**ACTIVITY:**
With the pictures left out, please return exactly the line holding "Bedroom 3 2.jpg" and each following line until the entries end.

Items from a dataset
Start of Block

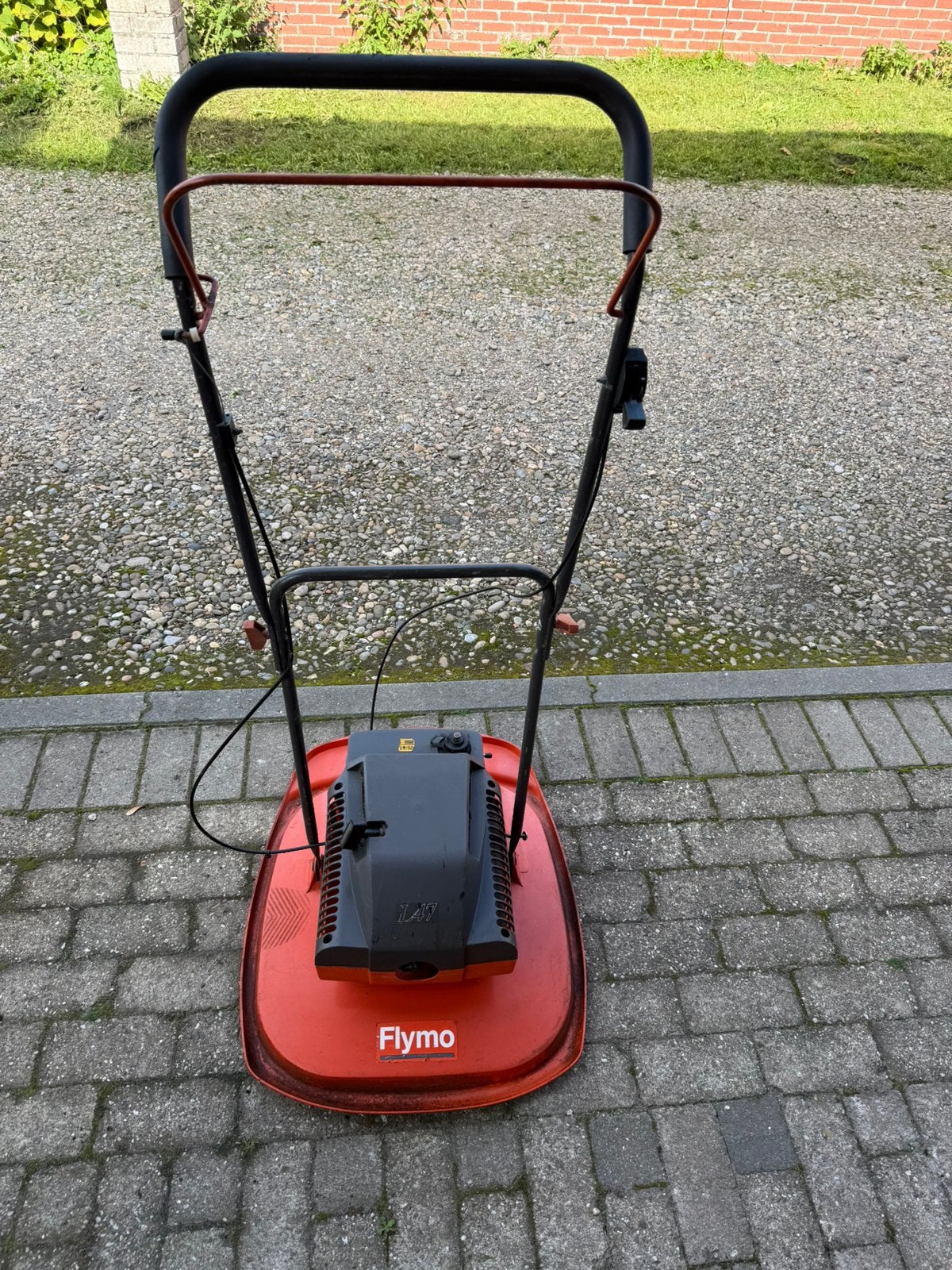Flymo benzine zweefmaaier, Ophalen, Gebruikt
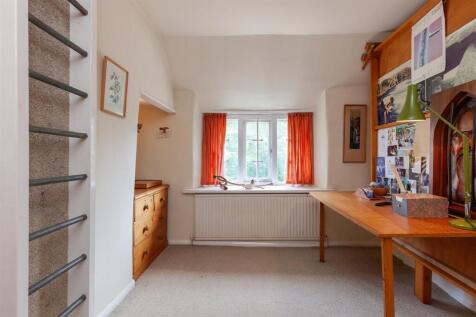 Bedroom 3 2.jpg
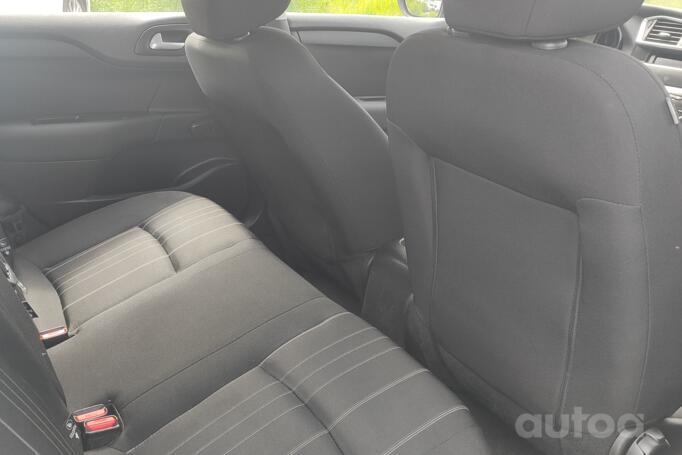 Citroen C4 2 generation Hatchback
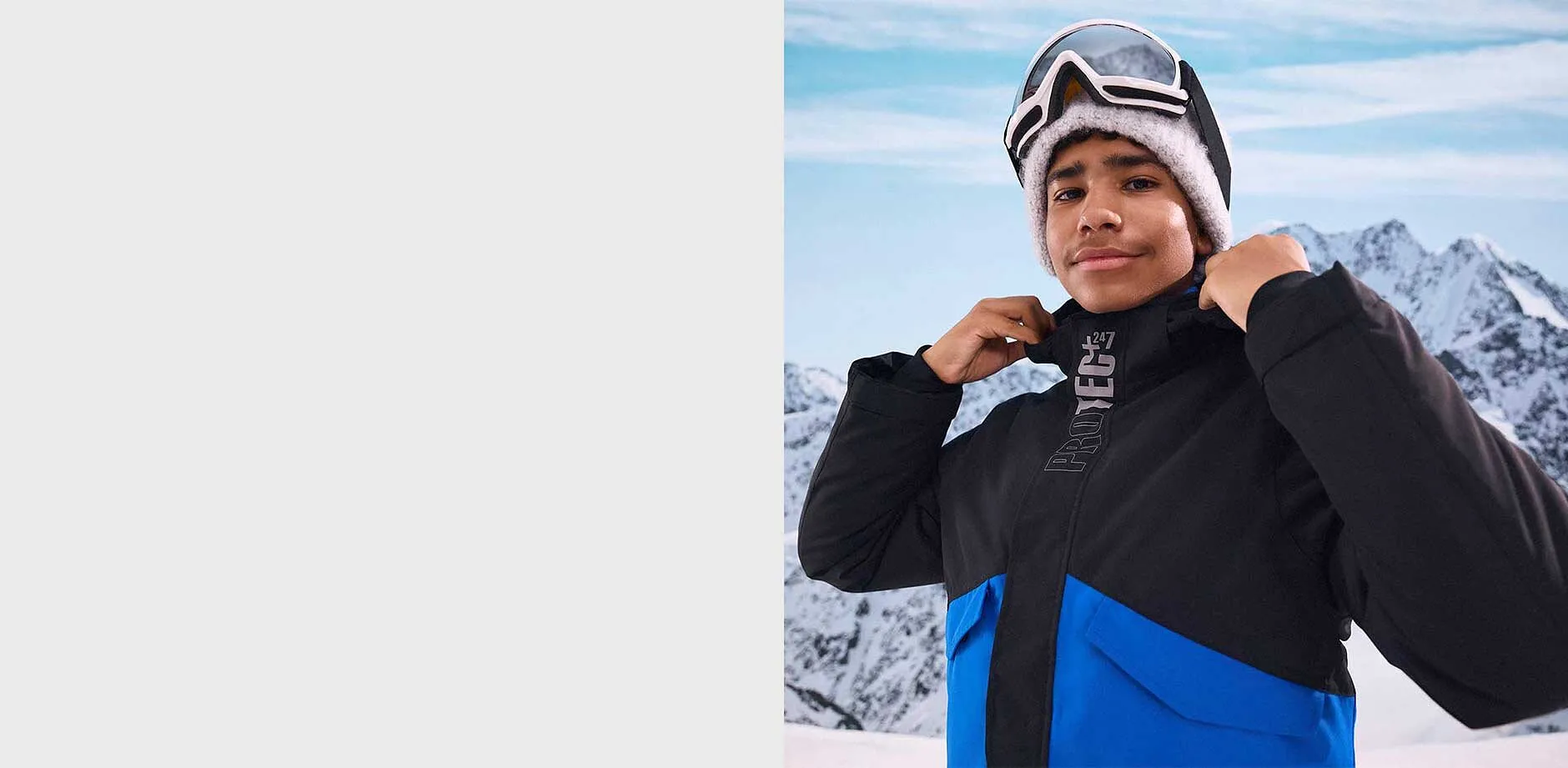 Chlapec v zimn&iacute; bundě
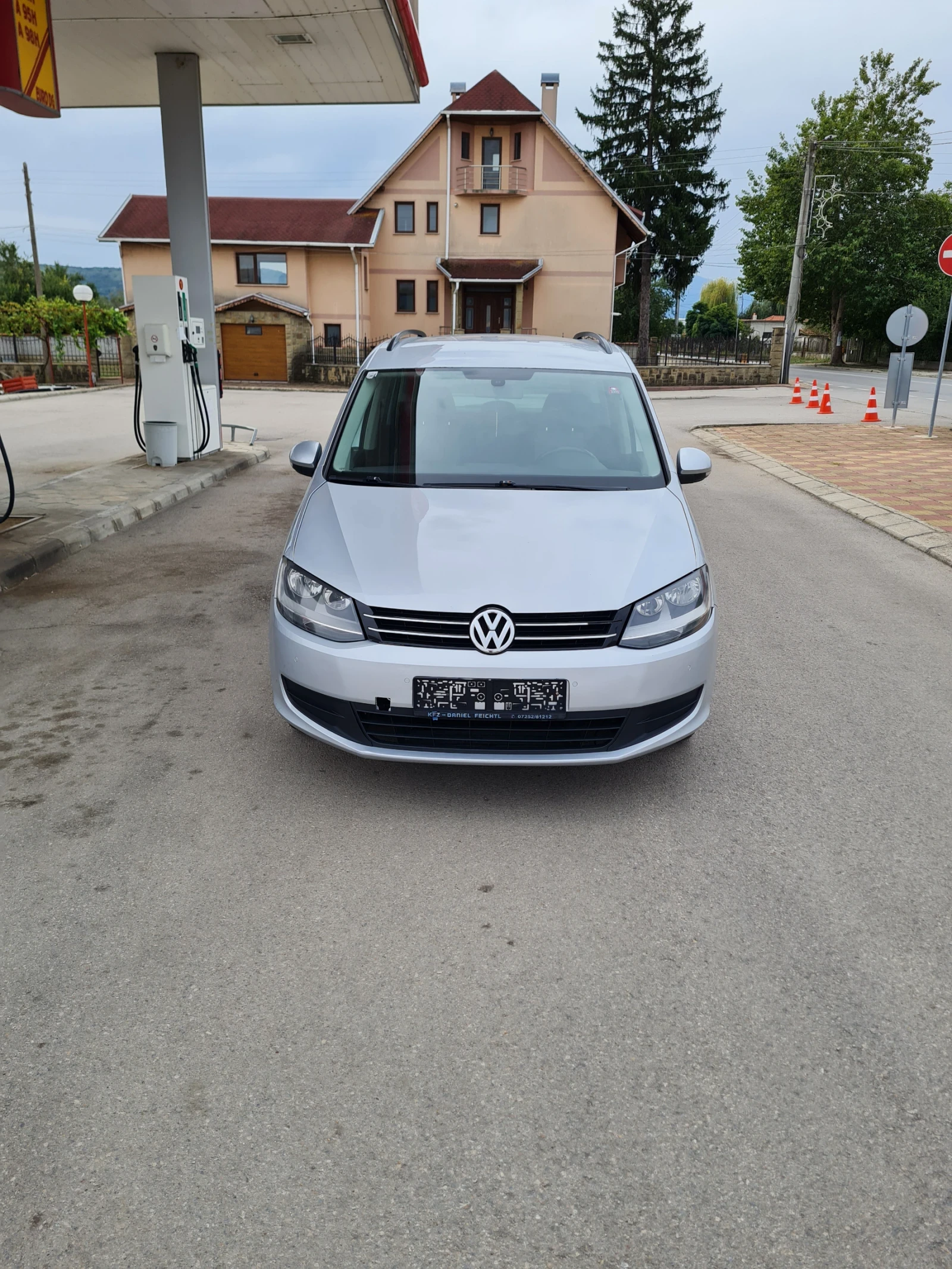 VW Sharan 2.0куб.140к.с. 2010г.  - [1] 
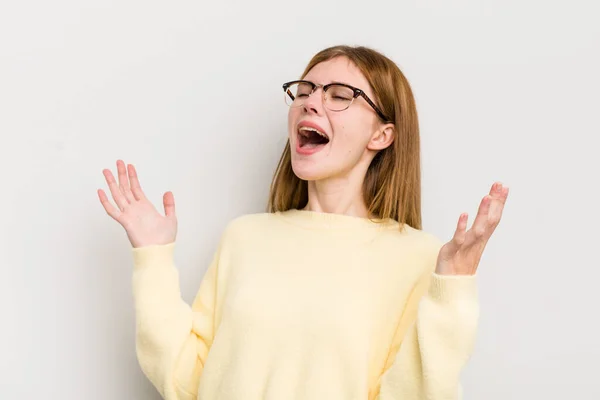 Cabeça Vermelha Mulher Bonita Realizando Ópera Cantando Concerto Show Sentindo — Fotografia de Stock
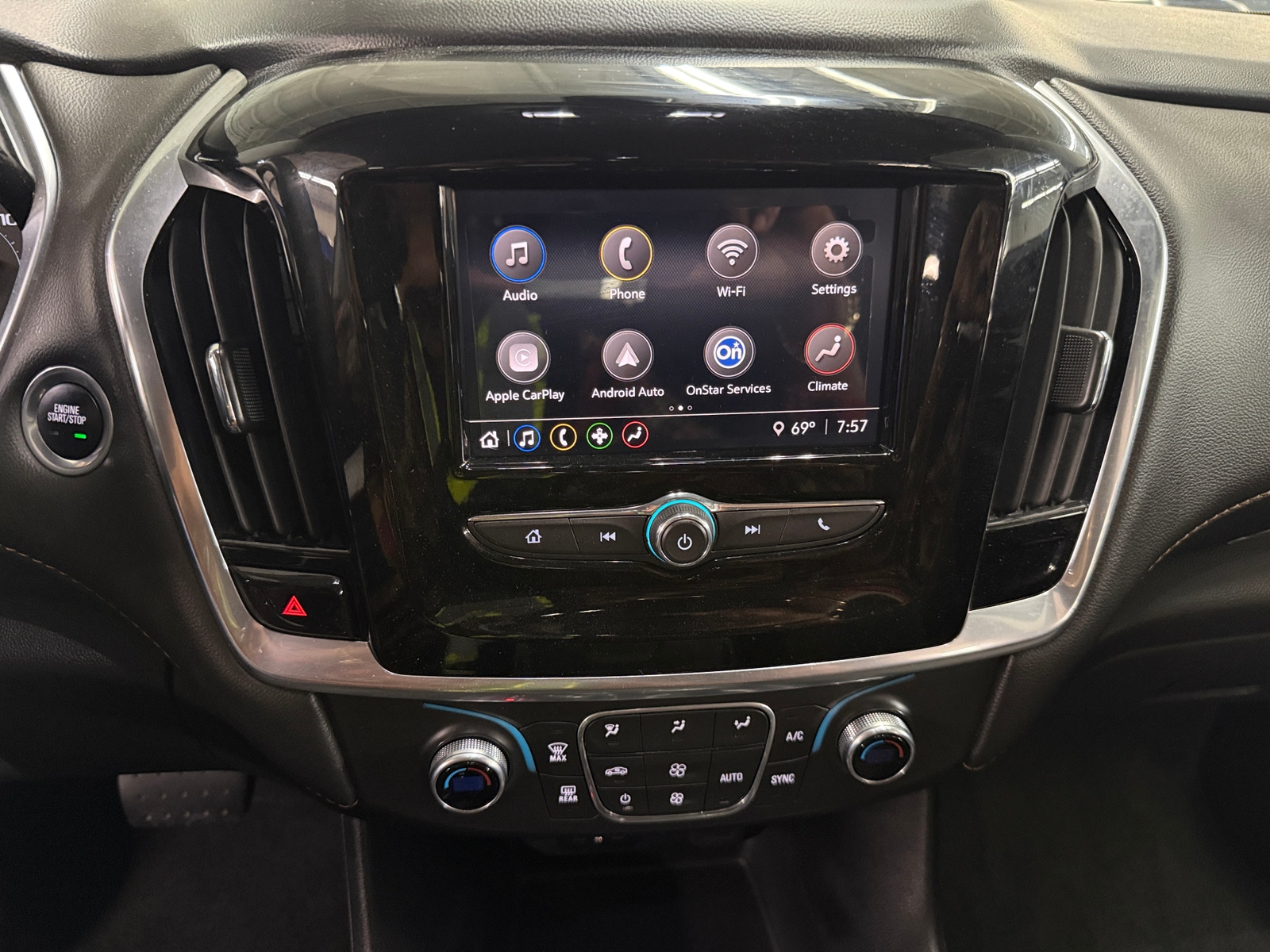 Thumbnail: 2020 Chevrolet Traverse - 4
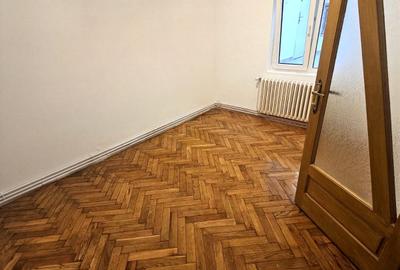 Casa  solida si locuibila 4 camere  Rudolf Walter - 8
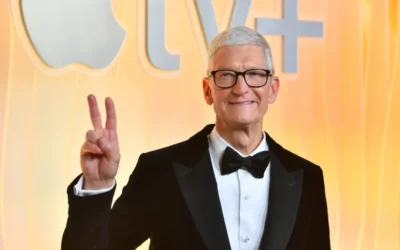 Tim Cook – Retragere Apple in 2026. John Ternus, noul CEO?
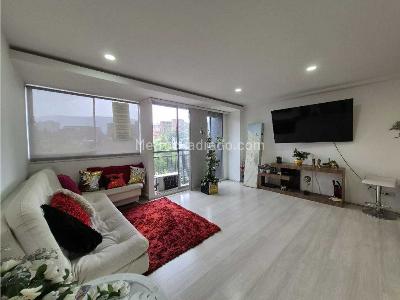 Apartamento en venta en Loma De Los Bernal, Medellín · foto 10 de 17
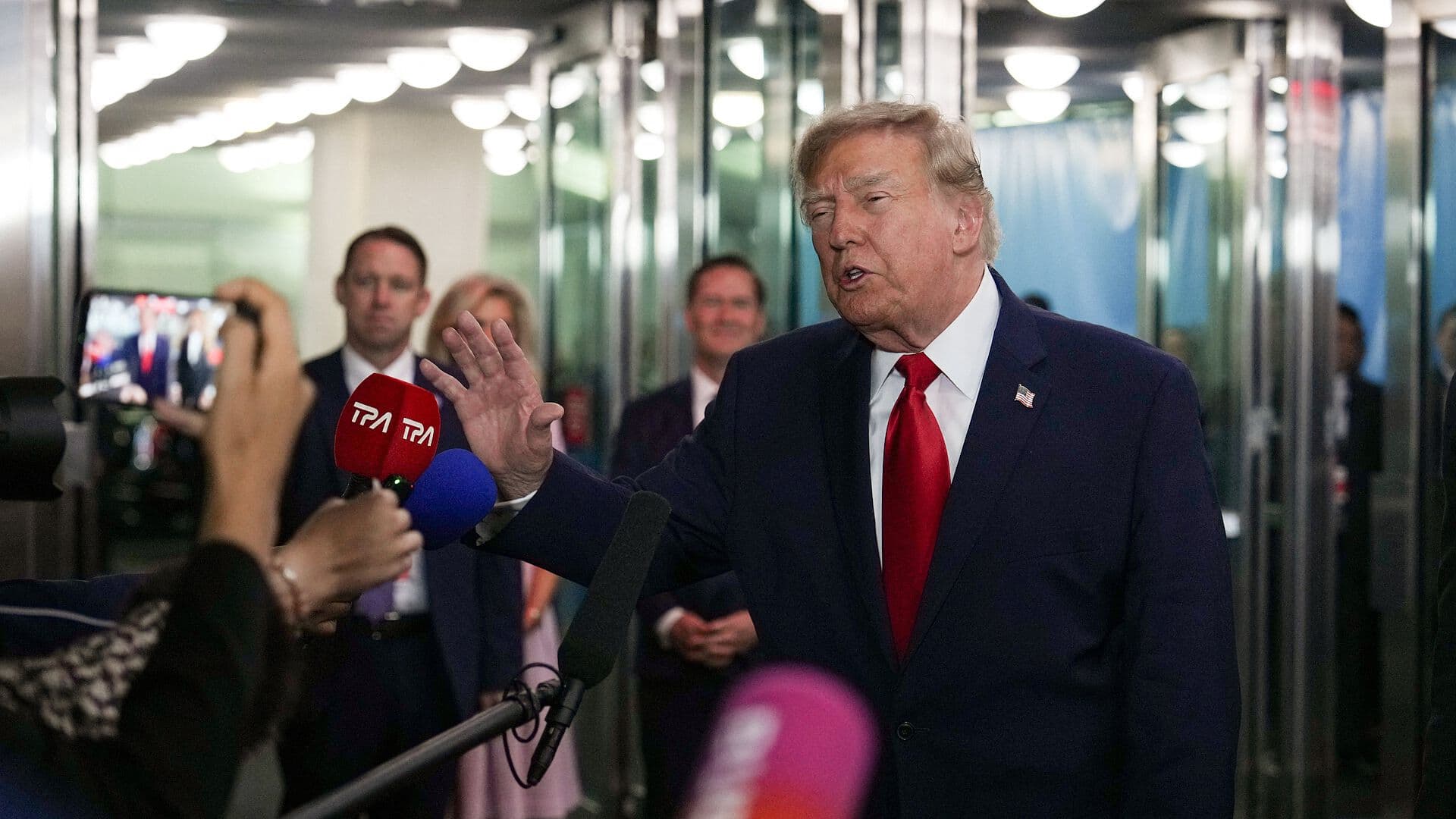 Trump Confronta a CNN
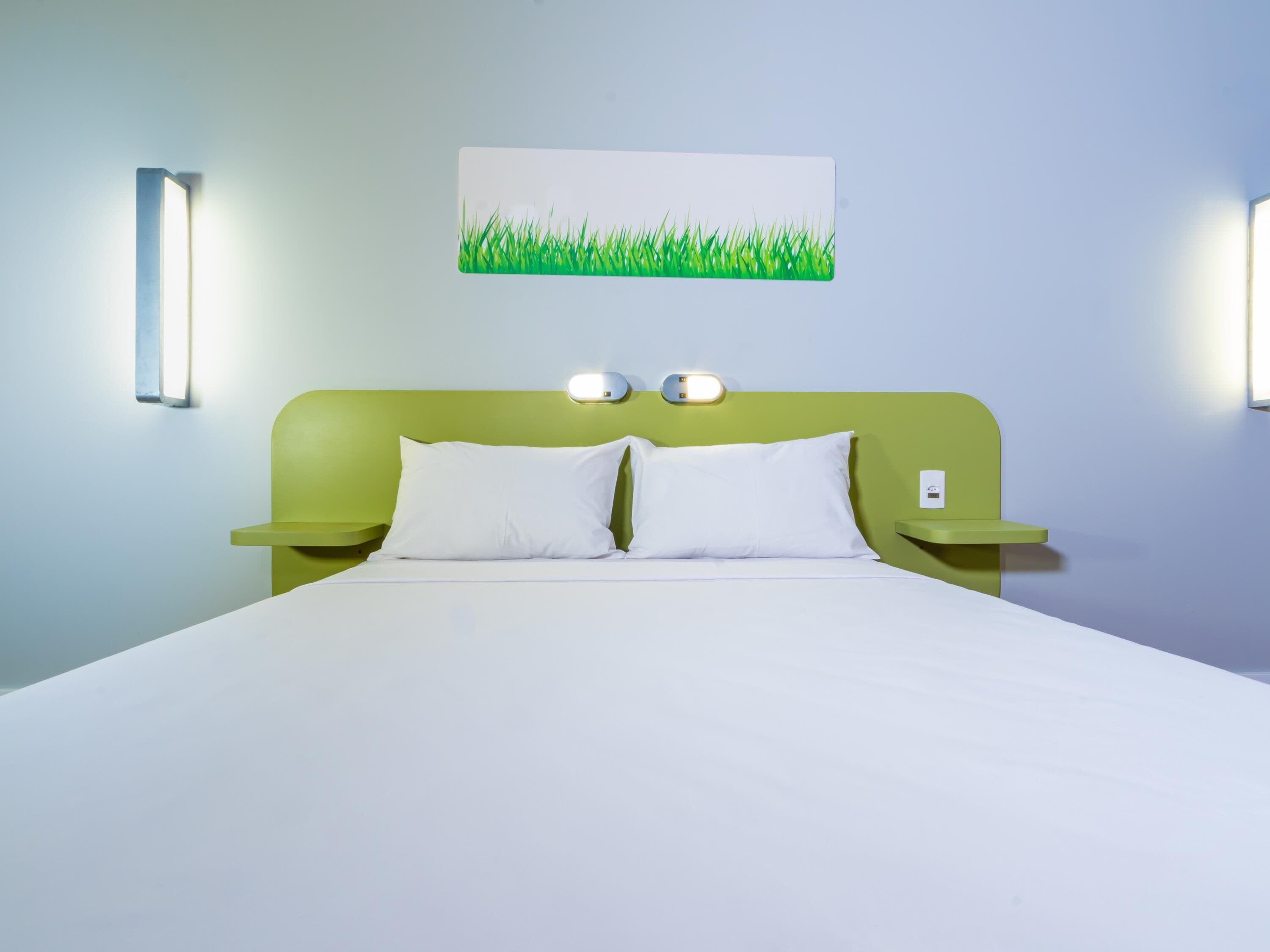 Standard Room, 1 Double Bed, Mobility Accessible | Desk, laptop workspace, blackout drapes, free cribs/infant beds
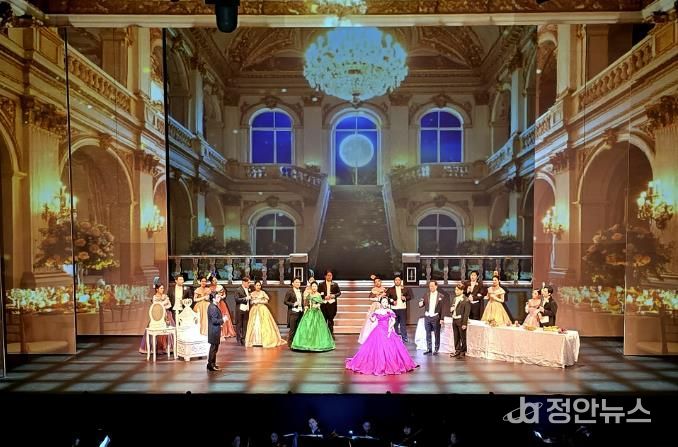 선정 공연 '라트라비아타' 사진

End of Block

**EXPECTED ANSWER:**
 Bedroom 3 2.jpg
 Citroen C4 2 generation Hatchback
 Chlapec v zimn&iacute; bundě
 VW Sharan 2.0куб.140к.с. 2010г.  - [1] 
 Cabeça Vermelha Mulher Bonita Realizando Ópera Cantando Concerto Show Sentindo — Fotografia de Stock
 Thumbnail: 2020 Chevrolet Traverse - 4
 Casa  solida si locuibila 4 camere  Rudolf Walter - 8
 Tim Cook – Retragere Apple in 2026. John Ternus, noul CEO?
 Apartamento en venta en Loma De Los Bernal, Medellín · foto 10 de 17
 Trump Confronta a CNN
 Standard Room, 1 Double Bed, Mobility Accessible | Desk, laptop workspace, blackout drapes, free cribs/infant beds
 선정 공연 '라트라비아타' 사진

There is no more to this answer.